La crisi nucleare in Iran e in Corea del Nord è balzata alla ribalta della cronaca nel periodo pre-elettorale, contribuendo ad accentuare le ansie degli americani. Ma il 76% è contrario a inviare truppe in Iran e l’80% è contrario a inviarle in Corea del Nord. E rispettivamente il 54% e il 58% non approva neppure attacchi aerei mirati contro i siti nucleari sospetti dei due “Paesi canaglia”.

Affondo sulla sicurezza
Nella fase finale della legislatura, i repubblicani hanno portato al varo una serie di leggi che si prefiggono di proteggere meglio gli Stati Uniti dal terrorismo. Il tema ha una doppia valenza di politica estera e interna e serve all’amministrazione Bush per difendere le scelte controverse soprattutto in Iraq.
E’ stata varata la legge che regolamenta le commissioni militari per processare i presunti terroristi detenuti a Guantanamo e benedice le prigioni segrete della Cia nel mondo. Un’altra legge legalizza il controverso programma di spionaggio anti-terrorismo, senza mandato del tribunale, sulle telefonate e le e-mail tra l’estero e gli Stati Uniti. Una legge rafforza la sicurezza nei porti americani aumentando i controlli sui cargo in entrata e prospettando in futuro controlli nei porti di partenza.

Immigrazione a doppio taglio
In extremis, i repubblicani sono riusciti a far passare in Congresso una sola misura sull’immigrazione: il via libera alla costruzione di una barriera di oltre mille chilometri tra Stati Uniti e Messico per impedire l’ingresso dei clandestini. Denunciata dal presidente messicano Vicente Fox come un nuovo “muro di Berlino”, la barriera può mobilitare al voto la base repubblicana angustiata dalla presenza di 12 milioni di immigrati illegali.

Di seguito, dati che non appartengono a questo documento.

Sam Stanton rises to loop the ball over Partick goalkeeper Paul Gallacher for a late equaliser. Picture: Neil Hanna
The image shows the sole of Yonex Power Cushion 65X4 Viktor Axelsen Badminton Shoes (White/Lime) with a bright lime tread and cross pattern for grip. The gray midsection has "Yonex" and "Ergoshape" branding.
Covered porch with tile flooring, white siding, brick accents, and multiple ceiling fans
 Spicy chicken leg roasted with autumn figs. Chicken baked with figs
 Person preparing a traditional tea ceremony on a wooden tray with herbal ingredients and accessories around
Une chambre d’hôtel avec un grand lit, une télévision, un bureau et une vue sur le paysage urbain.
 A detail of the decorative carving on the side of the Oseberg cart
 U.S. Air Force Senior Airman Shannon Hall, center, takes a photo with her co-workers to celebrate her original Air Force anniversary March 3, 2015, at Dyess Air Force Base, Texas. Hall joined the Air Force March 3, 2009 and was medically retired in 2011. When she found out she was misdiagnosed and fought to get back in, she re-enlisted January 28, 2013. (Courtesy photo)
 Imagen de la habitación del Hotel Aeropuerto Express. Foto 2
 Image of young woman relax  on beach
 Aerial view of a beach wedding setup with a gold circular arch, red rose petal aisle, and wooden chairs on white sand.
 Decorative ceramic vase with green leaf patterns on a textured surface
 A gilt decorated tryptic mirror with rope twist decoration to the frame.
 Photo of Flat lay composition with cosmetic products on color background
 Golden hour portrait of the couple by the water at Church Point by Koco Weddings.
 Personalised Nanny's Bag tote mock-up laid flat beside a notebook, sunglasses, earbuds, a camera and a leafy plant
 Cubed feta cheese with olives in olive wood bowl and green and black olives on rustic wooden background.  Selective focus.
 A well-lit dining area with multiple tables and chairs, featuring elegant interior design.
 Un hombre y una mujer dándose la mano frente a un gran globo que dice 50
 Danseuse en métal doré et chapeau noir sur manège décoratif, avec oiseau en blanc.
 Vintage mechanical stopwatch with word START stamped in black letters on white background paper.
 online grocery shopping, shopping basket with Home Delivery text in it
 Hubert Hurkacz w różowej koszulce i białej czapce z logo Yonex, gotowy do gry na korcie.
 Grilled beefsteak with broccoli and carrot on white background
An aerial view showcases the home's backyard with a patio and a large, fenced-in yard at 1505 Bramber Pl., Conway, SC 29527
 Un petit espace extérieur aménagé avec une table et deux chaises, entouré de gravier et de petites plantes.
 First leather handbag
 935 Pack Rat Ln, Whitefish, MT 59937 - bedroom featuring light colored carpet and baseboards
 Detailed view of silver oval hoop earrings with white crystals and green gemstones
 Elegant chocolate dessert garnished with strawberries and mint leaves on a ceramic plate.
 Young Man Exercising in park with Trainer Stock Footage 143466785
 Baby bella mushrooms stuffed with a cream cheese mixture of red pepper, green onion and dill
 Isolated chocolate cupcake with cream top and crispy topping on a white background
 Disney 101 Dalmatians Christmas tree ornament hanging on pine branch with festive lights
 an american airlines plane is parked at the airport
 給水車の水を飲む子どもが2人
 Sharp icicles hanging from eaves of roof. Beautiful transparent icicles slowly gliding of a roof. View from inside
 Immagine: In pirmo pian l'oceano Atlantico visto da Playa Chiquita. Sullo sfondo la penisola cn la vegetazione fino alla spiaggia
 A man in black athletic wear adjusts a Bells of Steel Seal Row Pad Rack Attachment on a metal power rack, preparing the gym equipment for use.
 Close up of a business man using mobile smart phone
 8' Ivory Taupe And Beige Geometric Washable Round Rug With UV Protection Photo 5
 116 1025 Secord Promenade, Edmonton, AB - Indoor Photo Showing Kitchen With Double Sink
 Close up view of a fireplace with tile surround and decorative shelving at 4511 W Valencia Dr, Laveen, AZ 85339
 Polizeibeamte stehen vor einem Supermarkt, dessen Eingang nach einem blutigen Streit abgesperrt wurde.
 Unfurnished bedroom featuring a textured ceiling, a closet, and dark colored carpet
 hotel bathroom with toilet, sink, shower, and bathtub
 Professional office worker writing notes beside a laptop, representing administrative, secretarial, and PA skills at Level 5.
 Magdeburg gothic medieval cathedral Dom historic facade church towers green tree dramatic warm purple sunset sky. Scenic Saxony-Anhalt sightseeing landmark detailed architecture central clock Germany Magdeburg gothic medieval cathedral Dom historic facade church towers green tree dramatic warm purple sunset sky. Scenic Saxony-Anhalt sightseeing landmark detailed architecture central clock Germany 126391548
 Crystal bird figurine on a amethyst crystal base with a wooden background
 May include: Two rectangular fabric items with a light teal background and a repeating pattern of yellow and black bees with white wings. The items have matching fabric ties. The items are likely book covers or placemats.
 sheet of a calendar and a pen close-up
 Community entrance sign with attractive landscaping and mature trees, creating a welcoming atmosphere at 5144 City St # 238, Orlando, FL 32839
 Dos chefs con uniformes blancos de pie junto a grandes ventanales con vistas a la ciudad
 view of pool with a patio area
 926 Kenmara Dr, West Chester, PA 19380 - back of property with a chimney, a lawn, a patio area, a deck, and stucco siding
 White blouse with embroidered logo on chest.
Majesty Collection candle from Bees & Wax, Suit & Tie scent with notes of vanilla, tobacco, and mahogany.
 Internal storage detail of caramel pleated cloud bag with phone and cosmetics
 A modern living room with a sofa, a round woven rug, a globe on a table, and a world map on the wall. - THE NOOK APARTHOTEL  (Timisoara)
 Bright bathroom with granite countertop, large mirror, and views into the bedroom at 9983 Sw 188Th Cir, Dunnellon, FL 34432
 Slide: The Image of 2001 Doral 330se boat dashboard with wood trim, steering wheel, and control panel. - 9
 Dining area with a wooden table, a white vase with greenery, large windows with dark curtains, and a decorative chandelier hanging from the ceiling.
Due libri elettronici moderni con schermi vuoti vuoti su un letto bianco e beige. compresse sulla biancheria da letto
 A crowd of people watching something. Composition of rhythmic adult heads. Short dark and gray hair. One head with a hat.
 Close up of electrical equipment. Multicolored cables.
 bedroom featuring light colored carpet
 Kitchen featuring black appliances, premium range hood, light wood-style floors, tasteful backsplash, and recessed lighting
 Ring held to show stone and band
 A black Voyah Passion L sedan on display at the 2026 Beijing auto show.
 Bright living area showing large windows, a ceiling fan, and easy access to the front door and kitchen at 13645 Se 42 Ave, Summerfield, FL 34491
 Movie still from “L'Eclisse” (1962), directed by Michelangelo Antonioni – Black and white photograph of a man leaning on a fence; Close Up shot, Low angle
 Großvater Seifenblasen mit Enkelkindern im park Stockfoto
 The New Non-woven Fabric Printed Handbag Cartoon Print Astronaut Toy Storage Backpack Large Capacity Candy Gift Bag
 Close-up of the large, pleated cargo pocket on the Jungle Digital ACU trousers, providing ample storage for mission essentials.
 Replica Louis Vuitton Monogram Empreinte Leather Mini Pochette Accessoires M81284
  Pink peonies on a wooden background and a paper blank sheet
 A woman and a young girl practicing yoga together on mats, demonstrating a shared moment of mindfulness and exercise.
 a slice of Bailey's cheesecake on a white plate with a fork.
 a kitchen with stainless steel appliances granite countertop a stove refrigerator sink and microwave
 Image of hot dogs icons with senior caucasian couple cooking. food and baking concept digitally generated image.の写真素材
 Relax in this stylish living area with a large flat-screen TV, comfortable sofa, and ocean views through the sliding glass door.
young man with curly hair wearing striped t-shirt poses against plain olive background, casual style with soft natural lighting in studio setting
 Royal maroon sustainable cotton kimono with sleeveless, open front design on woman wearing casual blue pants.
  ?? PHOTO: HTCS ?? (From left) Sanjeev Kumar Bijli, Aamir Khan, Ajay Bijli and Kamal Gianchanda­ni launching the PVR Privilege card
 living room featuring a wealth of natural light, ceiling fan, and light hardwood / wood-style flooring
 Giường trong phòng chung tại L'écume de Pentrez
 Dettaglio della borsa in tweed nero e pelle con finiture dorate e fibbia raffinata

Come sulla guerra in Iraq, anche sull’immigrazione molti candidati repubblicani prendono le distanze da Bush, perché ha proposto un piano per la graduale regolarizzazione degli immigrati clandestini che gli ultraconservatori considerano un’inaccettabile sanatoria. Il pugno di ferro è molto più popolare negli stati di confine e nei comizi gli applausi scrosciano per chi proclama «stop all’invasione» e promette un giro di vite alla frontiera. Toni duri che possono però dispiacere all’elettorato ispanico, provocando una contro-reazione.
I democratici sperano che prevalga la disillusione: in Arizona, dove la questione dell’immigrazione è dominante, i repubblicani hanno la maggioranza nel parlamento statale da sei anni e – secondo l’opposizione - non hanno fatto nulla per risolvere i problemi provocati dagli immigrati illegali nelle scuole, per la sanità e le forze dell’ordine.
Oltre il 60% degli americani è insoddisfatto di come vanno le cose negli Stati Uniti, è convinto che il Paese stia andando nella direzione sbagliata. I democratici sperano di trasformare la voglia di cambiamento in suffragi elettorali. A loro favore, ci sono gli errori di politica estera dell’amministrazione Bush.